**PROBLEM**
Type out the listing below exactly. Pictures stay out of it.
──────── RECORDS TO PROCESS ────────
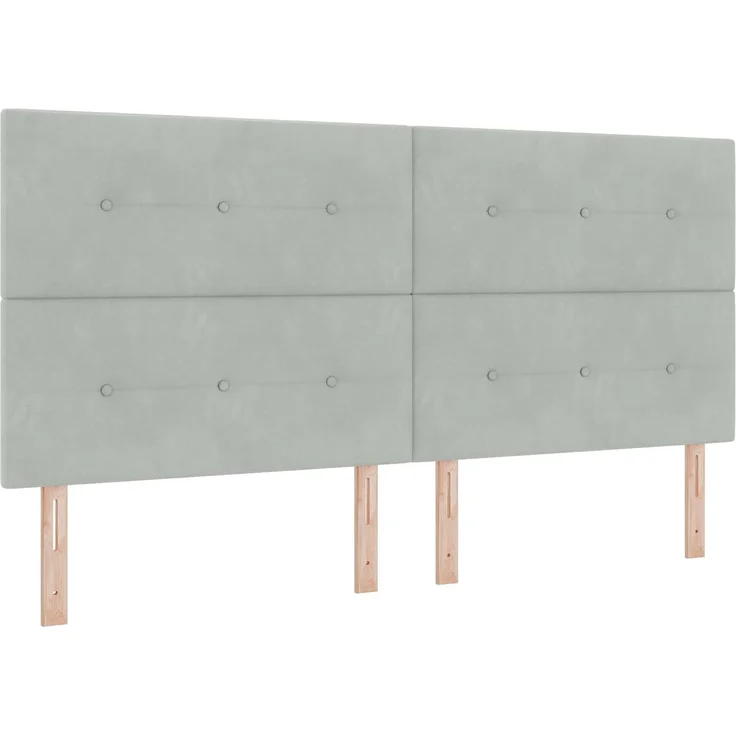 vidaXL Ottoman-Bett mit Matratze und LED Hellgrau 200x200 cm Samt 3458325 – Bild 3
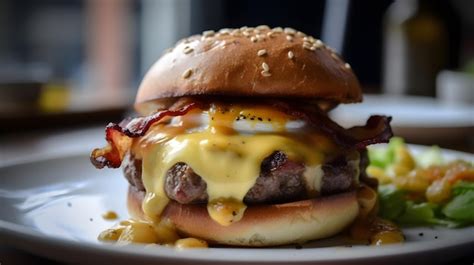 Una Foto De Una Hamburguesa Con Queso Derretido Generativo Ai Foto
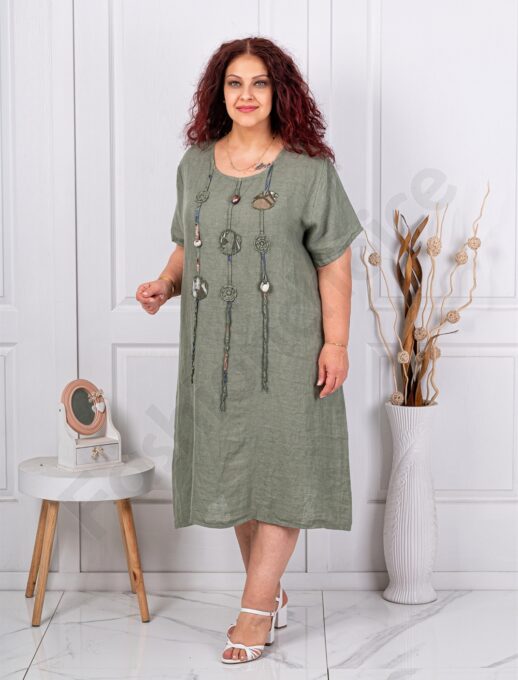 Rochie maxi pentru vara din 100% in cu aplicatie-kaki cod 10126-2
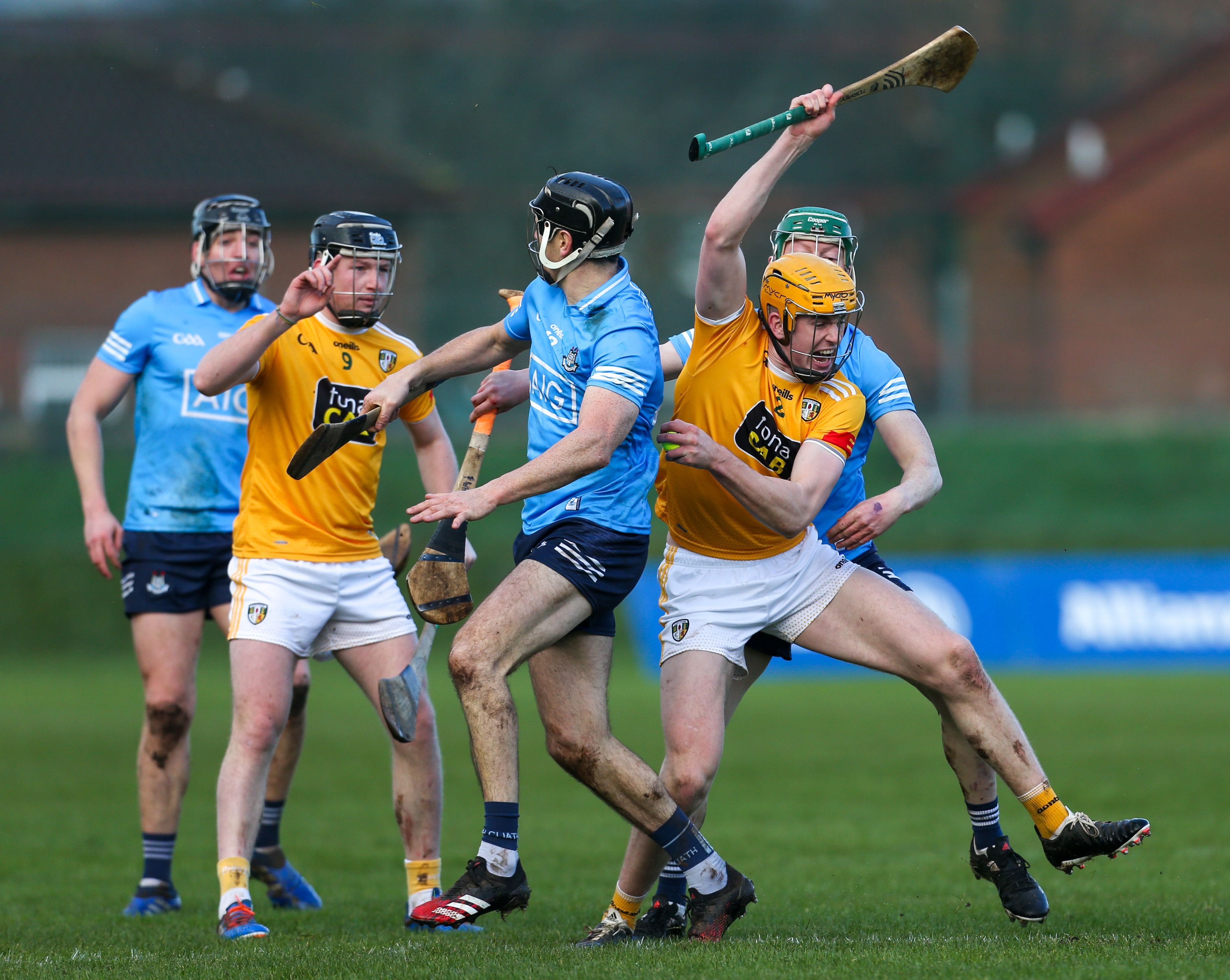 Niall O'Connor emerges from a ruck of players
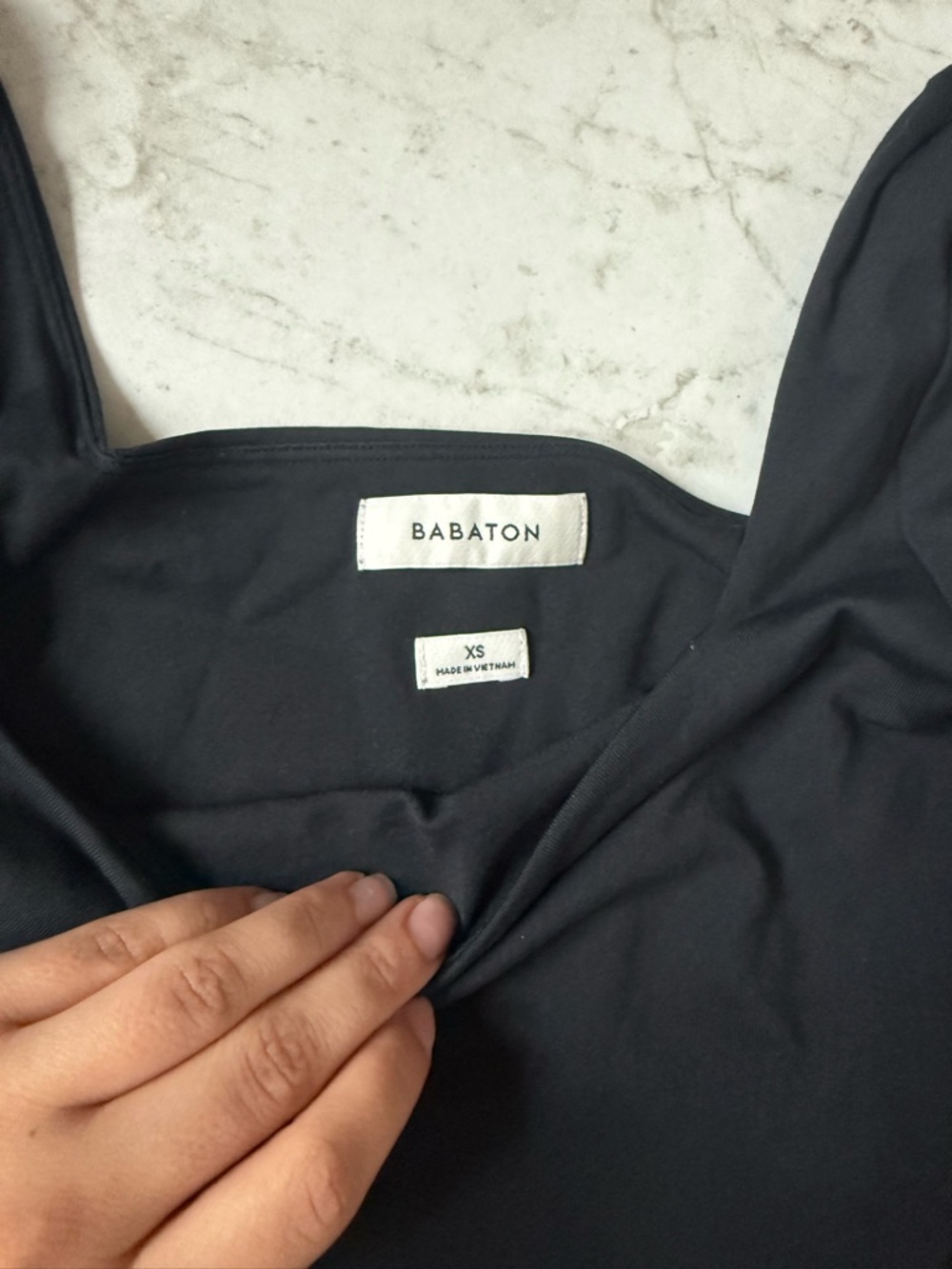 Aritzia Black Long-Sleeve Square-Neck Bodysuit - Going Out/Causal Top - Picture 3 of 3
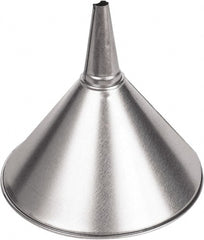 Funnel King - 2 Qt Capacity Galvanized Steel Funnel - 8-3/8" Mouth OD, 1/2" Tip OD, 3-1/8" Straight Spout, Silver - Exact Tooling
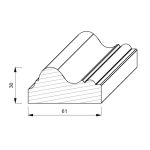 Cornice per Boiserie in Legno Massello Laccato Bianco 61 x 30 mm - Asta da 3 m-56529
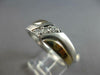 ESTATE .10CT DIAMOND 14KT 2 TONE GOLD 3D 3 STONE DIAGONAL SOLID MENS RING #27640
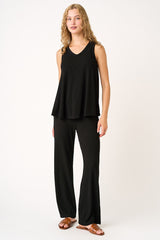 Black Rib Knit Tank and Pant Set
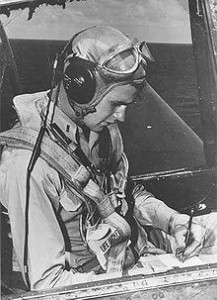 Former President and one-time youngest Naval Aviator George H.W. Bush in the seat of his Avenger Torpedo Plane in the Pacific. Seat formed at the Samson Corp, Rochester, NY. Photo USN.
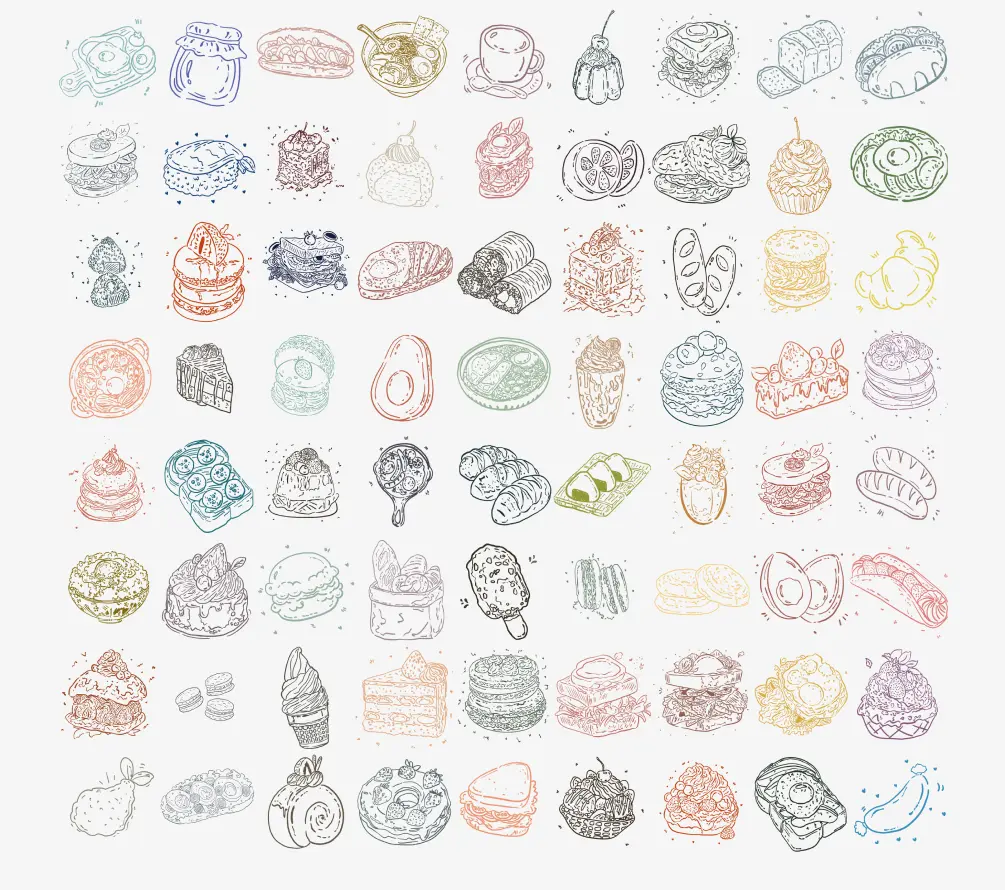 72 Free Hand-Drawn Food Icons Figma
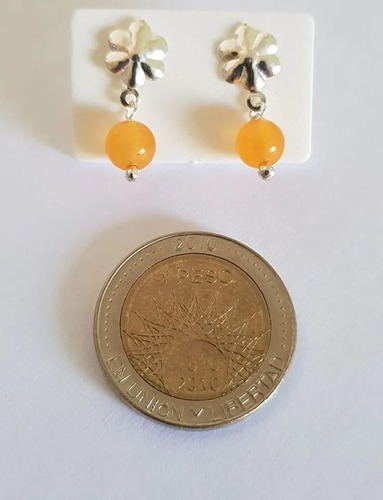 Aros Jade Naranja Natural Bolitas 6mm Florcita En Plata 925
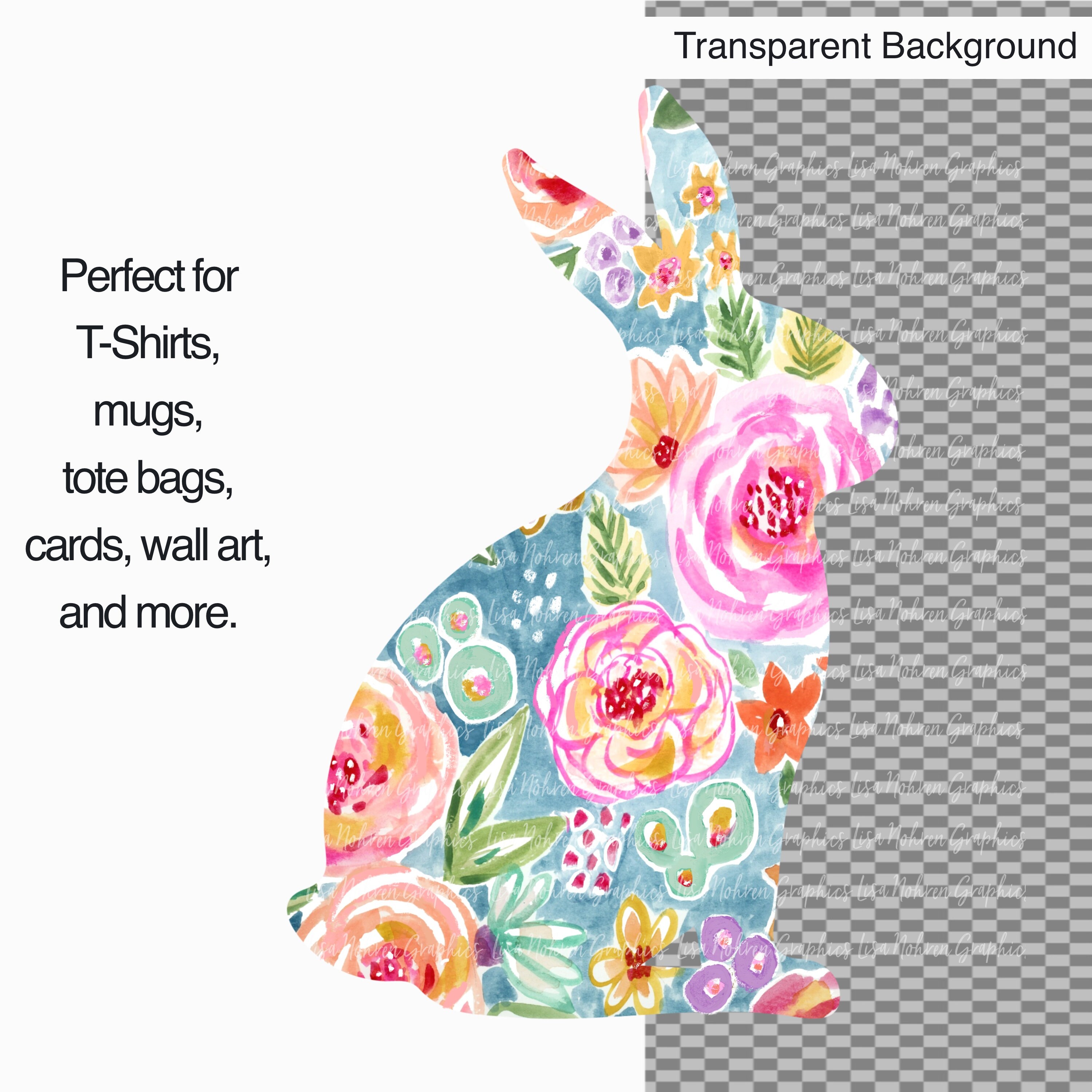 Floral Easter Bunny Rabbit PNG Clipart Graphic Art Sublimation Digital ...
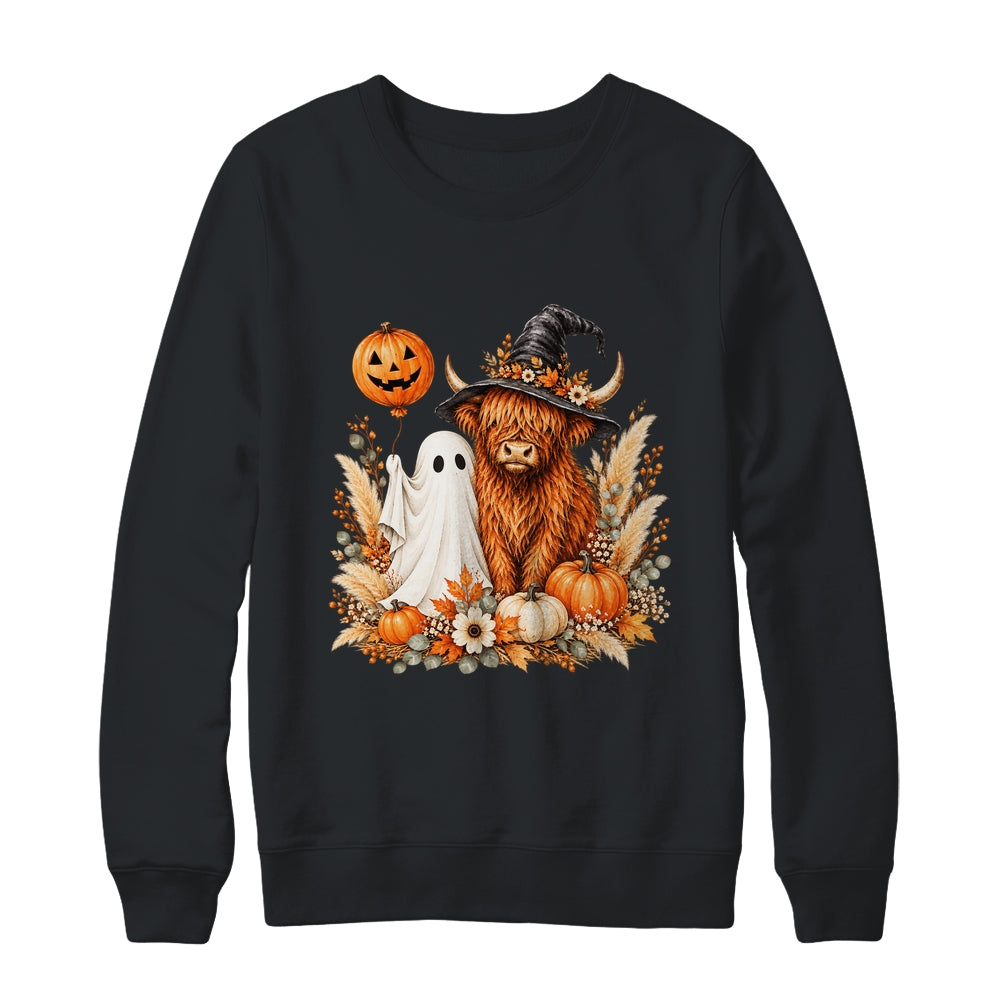 Halloween Boo Highland Cow Witch Spooky Season Fall Autumn Shirt & Sweatshirt | siriusteestore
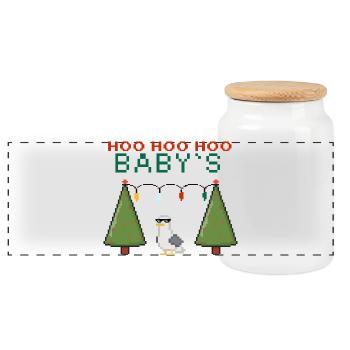 Pixel-Weihnachtsvogel mit Lichterketten - Panorama Keksdose mit Holzdeckel - Weiß - Vorne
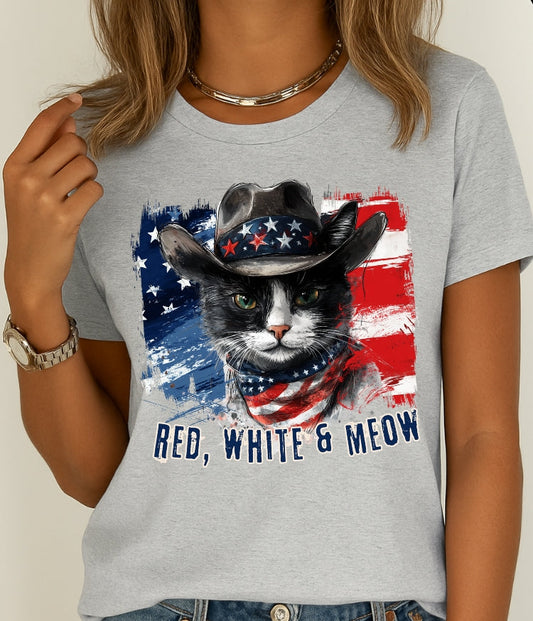Black and White Cat  Patriotic T-Shirt "Red, White & Meow" - Cat-Themed Patriotic Design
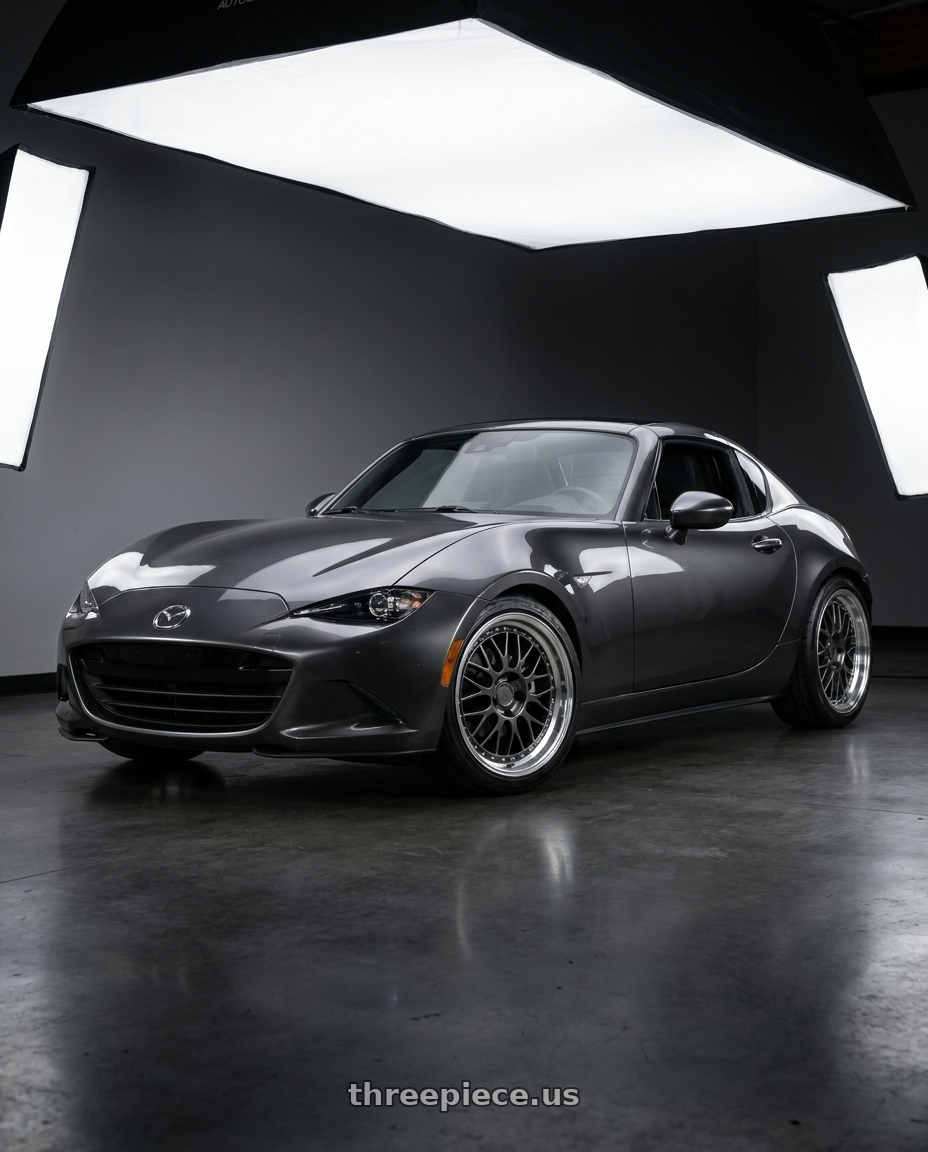 2017 Mazda mx5 RF with Aodhan AH02 4x100 / 4x114.3 17x8+35 Hyper Black w/ Machined Lip wheels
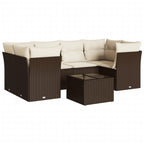 7-tlg. Garten-Sofagarnitur mit Kissen Braun Poly Rattan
────────
**ANSWER BOX**
 vidaXL Ottoman-Bett mit Matratze und LED Hellgrau 200x200 cm Samt 3458325 – Bild 3
 Una Foto De Una Hamburguesa Con Queso Derretido Generativo Ai Foto
 Rochie maxi pentru vara din 100% in cu aplicatie-kaki cod 10126-2
 Niall O'Connor emerges from a ruck of players
 Aritzia Black Long-Sleeve Square-Neck Bodysuit - Going Out/Causal Top - Picture 3 of 3
 Funnel King - 2 Qt Capacity Galvanized Steel Funnel - 8-3/8" Mouth OD, 1/2" Tip OD, 3-1/8" Straight Spout, Silver - Exact Tooling
 Cornice per Boiserie in Legno Massello Laccato Bianco 61 x 30 mm - Asta da 3 m-56529
 ESTATE .10CT DIAMOND 14KT 2 TONE GOLD 3D 3 STONE DIAGONAL SOLID MENS RING #27640
 Black Rib Knit Tank and Pant Set
 Former President and one-time youngest Naval Aviator George H.W. Bush in the seat of his Avenger Torpedo Plane in the Pacific. Seat formed at the Samson Corp, Rochester, NY. Photo USN.
 72 Free Hand-Drawn Food Icons Figma
 Aros Jade Naranja Natural Bolitas 6mm Florcita En Plata 925
 Floral Easter Bunny Rabbit PNG Clipart Graphic Art Sublimation Digital ...
 Halloween Boo Highland Cow Witch Spooky Season Fall Autumn Shirt & Sweatshirt | siriusteestore
 Pixel-Weihnachtsvogel mit Lichterketten - Panorama Keksdose mit Holzdeckel - Weiß - Vorne
Black and White Cat  Patriotic T-Shirt "Red, White & Meow" - Cat-Themed Patriotic Design
 2017 Mazda mx5 RF with Aodhan AH02 4x100 / 4x114.3 17x8+35 Hyper Black w/ Machined Lip wheels
 7-tlg. Garten-Sofagarnitur mit Kissen Braun Poly Rattan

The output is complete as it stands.